SIB: You’ve got the most gorgeous wardrobe. Where do your favorite pieces come from?

AH: The Loft. Especially for work, but I will go and stock up on [clothes], especially their sales. They have amazing sales, so you can get a lot for cheap. A lot of times I shop at the outlets, like Gap or anywhere. I love Target’s new line too, A New Day. I feel like it was made for me. And then Von Maur. They have an amazing sale rack, and nobody knows that, but they have an amazing sale going on all the time because they can never get rid of their inventory.


SIB: Can you please tell me how your eyebrows are always on point?

AH: I just try to keep a natural angle. I don't like the over-plucked look, and that made me not a fan of the super waxing stuff. And my skin is so sensitive that it would be like red marks for days. So I just try to do it myself. I do a little bit of filler. I get the ELF brand. It's like two bucks at Target [and] has gel and powder.



SIB: What makes you happy?

AH: My husband. He's so sweet and encouraging and he's just awesome. He's always there to listen even though he could be doing something else. Especially through that difficult time where we were engaged but not everything was settled yet, he was my rock. Also my cat, Stella. She was actually my kitten in eighth grade. She's super playful and fun and cuddly. There's something to said for taking care of something together, but not having a baby yet is great. Not ready for that yet.


SIB: What is your perspective on the work/home life balance for potential motherhood in the future?

AH: Growing up, I always imagined myself taking off work when it's time to have kids and taking those precious years with them.
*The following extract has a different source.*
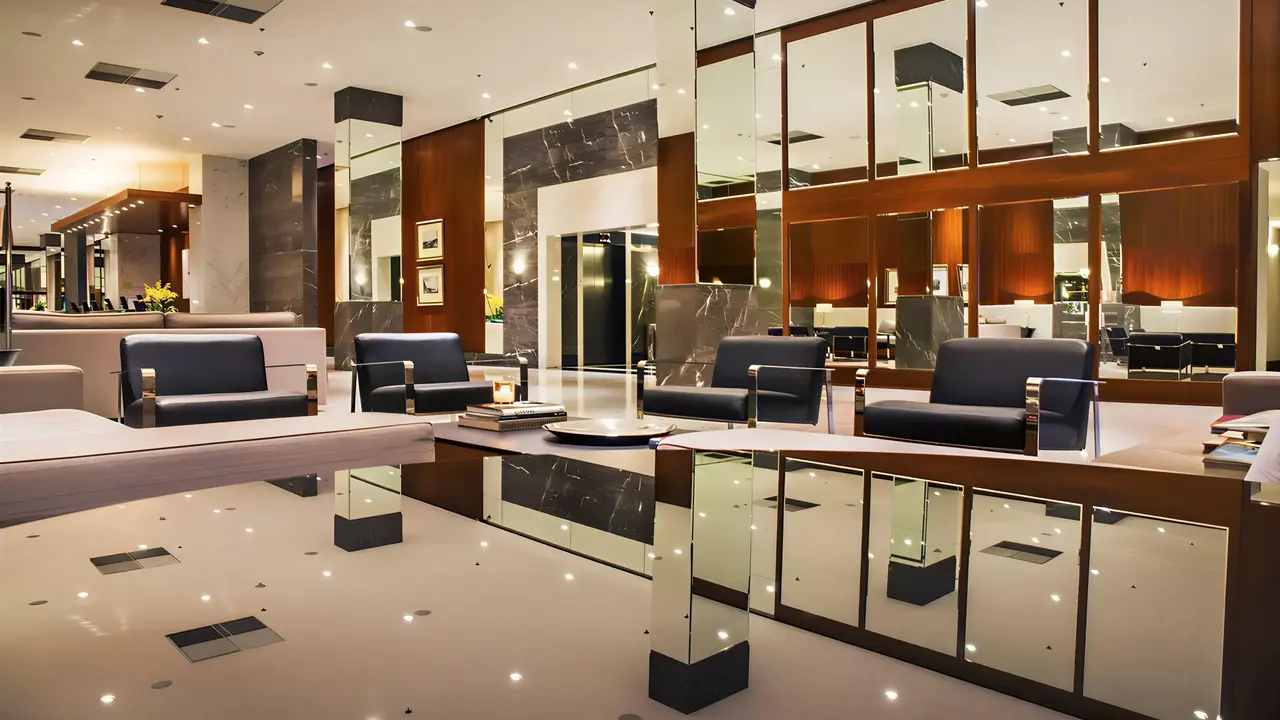 Elegancki hol w Windsor Oceanico z wygodnymi fotelami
But now I just don't know that I will at this point in my life, and I think that's okay. At first I was like, “Is that okay that I think that?” But I think as a professional woman, that's okay to have my career I think you can definitely do both.

My boss definitely does it all with a smile. She has a toddler and he goes to daycare during the day, but the daycare is close to her work. She's definitely a professional women and I aspire to be like that. And I think Isaac definitely supports me in that too. We'll see how it plays out in the very, very distant future.
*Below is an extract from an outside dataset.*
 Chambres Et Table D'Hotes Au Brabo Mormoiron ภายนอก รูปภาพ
SIB: Your husband, Isaac, is a video producer and loves photography. What is your favorite photo he’s taken of you?

AH: Oh gosh, that's such a funny question. I'm going to have to look at his Instagram. Gosh, he is a mess. He loves taking photos of me. But he loves it. I think there is one on my honeymoon that I just loved. I'm not wearing any makeup and that's when he thinks I'm the most beautiful, as cheesy as that is, but I just felt really natural and very comfortable and very happy. 





^ from Abigail's husband's IG feed, @isaachachihong




SIB: Any Valentine’s Day plans?

AH: I thought about doing [My Old Kentucky Dinner Train]. It's probably already booked up at this point, but I want to check it out because I think that would be so much fun. We went to go see the Orient Express and [now] I want to do train travel! That is my new dream.


SIB: What do you love about yourself?

AH: I like that I try to be kind to everybody that I meet and I like that I'm career-driven. I think that's a good thing.


SIB: What does balance mean to you?

AH: I think balance means having not too high expectations for yourself. That's something I've always struggled with. I always wanted to have the best grades, be the best in everything, and I think that's too much to ask of yourself. [Take] a step back and [look] at where your priorities lay in life, and [focus] on cultivating joy, cultivating your relationship with God, your husband, those around you that love you. And then, I think, everything else will fall into place.